Adventures in HPC and R: Going Parallel
Justin Harrington & Matias Salibian-Barrera
U NIVERSITY OF B RITISH C OLUMBIA
The R User Conference 2006

What is Parallel Computing?

• From Wikipedia:
"Parallel computing is the simultaneous execution of the same task (split up and specially adapted) on multiple processors in order to obtain faster results."

• Two specific situations:
• A multiprocessor machine
• A cluster of (homogeneous or heterogeneous) computers.

• R is inherently concurrent, even on a multiprocessor machine.
• S-Plus does have one function for multiprocessor machines.

Goal for todays talk:
To demonstrate the potential of incorporating parallel processing in tasks for which it is appropriate.
Example - Multiprocessor Machine
Features:
• Each process has the same home directory.
• Architecture is identical.
• R has the same libraries in the same locations.
• Data is passed through resident memory.

Example - Heterogeneous Cluster of Machines
Features:
• Each process may not have same home directory.
• Architecture might be different.
• R may not have the same libraries in the same locations.
• Data is passed through the network.

Implementation

PVM & MPI
• There are two common libraries:
• PVM: Parallel Virtual Machine
• MPI: Message Passing Interface

• Both are available through open-source for different architectures.

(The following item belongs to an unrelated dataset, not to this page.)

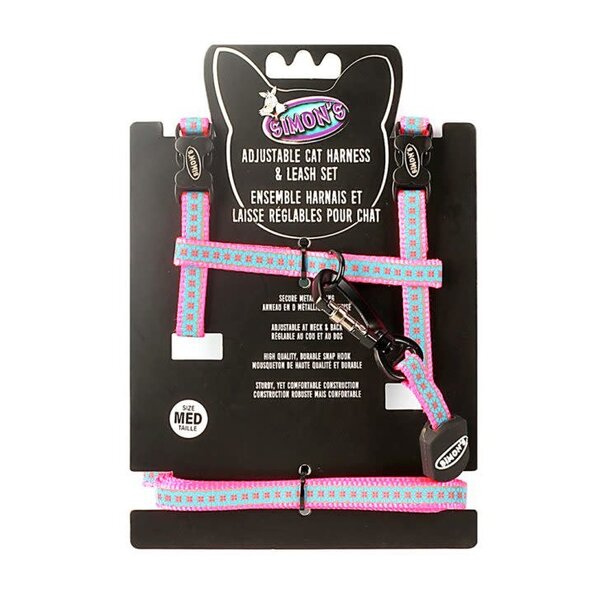 Burgham Simon's Simons Adjustable Harness & LeashFlower Print Pink Medium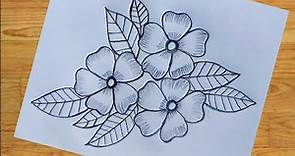 Flower design drawing with pencil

• Which to use? From Geist, Kohl & Papadopoulos (1996):
• MPI is expected to be faster within a large multiprocessor.
• PVM is better when applications will be run over heterogeneous networks.

• One of these programs need to be running on the host computer before R can send them tasks.

• Tasks have to be appropriate.
• Concurrent, not sequential.
• It is possible sometimes to take a process inherently sequential, and approximate with a concurrent process e.g. simulated annealing.

• In order to do parallel computation, two things are required:
• An interface on the O/S that can receive and distribute tasks; and
• A means of communicating with that program from within R.
Implementation

R Commands in snow

• In R there are three relevant packages:
• Rmpi - the interface to MPI;
• rpvm - the interface to PVM;
• snow - a "meta-package" with standardized functions.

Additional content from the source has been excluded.